I am using a lot of remote content for a hugo website and I ran into two cache issues:

  1. It seems that empty responses are cached. A resource was unavailable temporary at build time and hugo cached the empty response.
  2. I can set an expiration date for my cache. But neverchanging files or frequently changing ones will be updated at the same rate.

For bandwidth efficiency and up to date HTTP resources, hugo could:

  • Make a HEAD request to check if the online resource is newer than the cached one. (And update it if needed)
  • Use the cached resource if the online is down or unfetchable

If this check took place after the current cache expiry system, it may not break any expected behavior?
Do you think this would be a helpful feature to add? If not I could try to do it within a function or partial.

Thanks for your time!

  • With empty responses I assume you mean 404 responses, which to me isn’t a temporary state, but I guess it could be.
  • You can create your own key which allow you create a more coarse grained expiration setup (e.g. by using year-day-hour or something as part of the key).

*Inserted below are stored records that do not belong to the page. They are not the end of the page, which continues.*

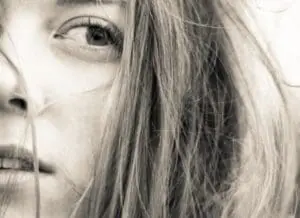 Close-up black and white portrait of a woman with long straight hair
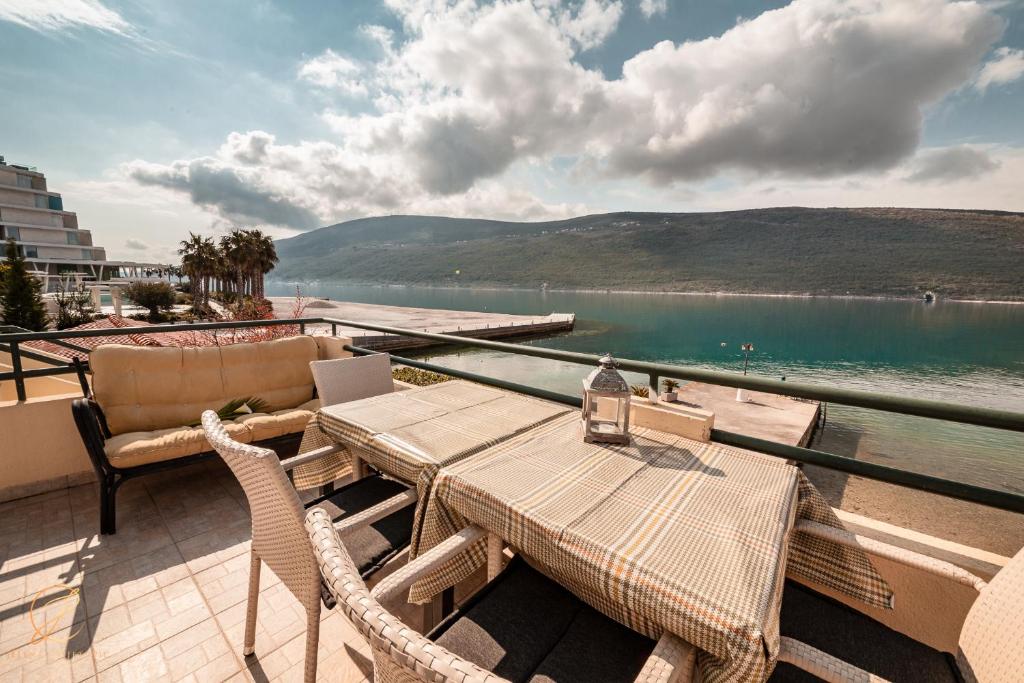 a table and chairs on a balcony with a view of a lake at Apartments Batricevic in Herceg-Novi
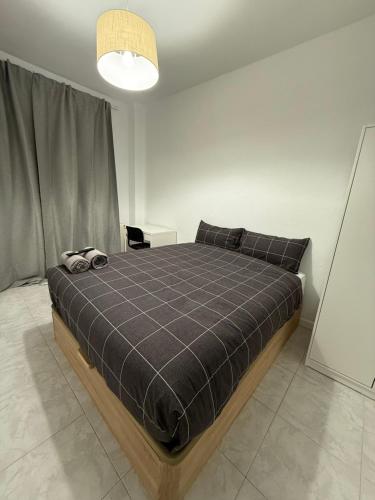een slaapkamer met een bed met een zwarte deken bij Onlyroom Madrid Calatrava in Madrid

But yes, you are right, we could/should improve this, and it would be great if you could create a GitHub issue with the above text.

With empty responses I assume you mean 404 responses, which to me isn’t a temporary state, but I guess it could be.

I assume nothing precisely, I think that in my example, the HTTP server did not reply at all or issued a 5XX error (hence the “empty” vague phrasing).
I guess a 4XX HTTP error could be considered definitive but that may lead this cache validator into some corner-cases management (which I’m afraid of :wink: ). “May” because I have no idea of how it is implemented…

You can create your own key which allow you create a more coarse grained expiration setup (e.g. by using year-day-hour or something as part of the key).

I read various posts on this forum where you explained this mechanism but it did not feet my need because I don’t know beforehand which content will be updated frequently.